I numerosi incidenti hanno riacceso il dibattito sulle ambizioni territoriali della Cina e sulle capacità difensive dell’India, aumentando le preoccupazioni della comunità internazionale per una possibile escalation tra le due potenze asiatiche. Tuttavia, dopo anni di tensioni e scontri, India e Cina hanno compiuto nel 2024 significativi passi avanti per allentare la pressione lungo il confine conteso. Il 21 ottobre, i due Paesi hanno raggiunto un accordo preliminare per il ripristino dei diritti di pattugliamento nella regione strategica del Ladakh. L’intesa è stata ulteriormente consolidata nel mese di novembre, quando il ministro degli Esteri cinese Wang Yi e il Consigliere per la Sicurezza Nazionale indiano Ajit Doval si sono incontrati per definire una roadmap diplomatica volta ad affrontare le dispute di confine. Tra i punti chiave del colloquio, vi è stato il rafforzamento del meccanismo di gestione delle tensioni lungo la LAC e l’espansione dell’accordo sui pattugliamenti, con l’obiettivo di evitare nuove escalation militari.
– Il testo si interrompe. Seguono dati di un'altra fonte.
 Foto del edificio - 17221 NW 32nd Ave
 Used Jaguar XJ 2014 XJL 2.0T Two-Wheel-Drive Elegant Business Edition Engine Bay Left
Parallelamente, Cina e India hanno deciso di favorire maggiori scambi transfrontalieri, un segnale concreto di apertura che include la ripresa dei pellegrinaggi per i cittadini indiani diretti in Tibet. La normalizzazione delle relazioni è altresì dimostrata dalla ripresa dei voli diretti fra i due Paesi dopo quasi cinque anni di interruzione. Un’ulteriore conferma è arrivata anche dall’incontro tra primo ministro indiano Narendra Modi e il presidente cinese Xi Jinping durante il vertice dei BRICS. Si è trattato del primo incontro formale tra i due leader in cinque anni, un dato significativo che evidenzia il tentativo di stabilizzare le relazioni bilaterali dopo un lungo periodo di gelo diplomatico.
Nonostante questi sviluppi positivi, la questione del confine indo-cinese rimane una sfida aperta e i margini di fiducia tra le due potenze asiatiche restano fragili. Gli osservatori internazionali sottolineano come il successo di questi accordi dipenderà dalla loro effettiva attuazione sul campo e dalla capacità di entrambi i governi di mantenere un impegno duraturo nella gestione delle tensioni. In ogni caso, per entrambi Paesi il futuro delle relazioni bilaterali sarà determinato dalla capacità di prevenire nuovi scontri e di mantenere un dialogo costante. Tuttavia, il rapporto tra le due potenze resta complesso e segnato da una competizione strategica marcata.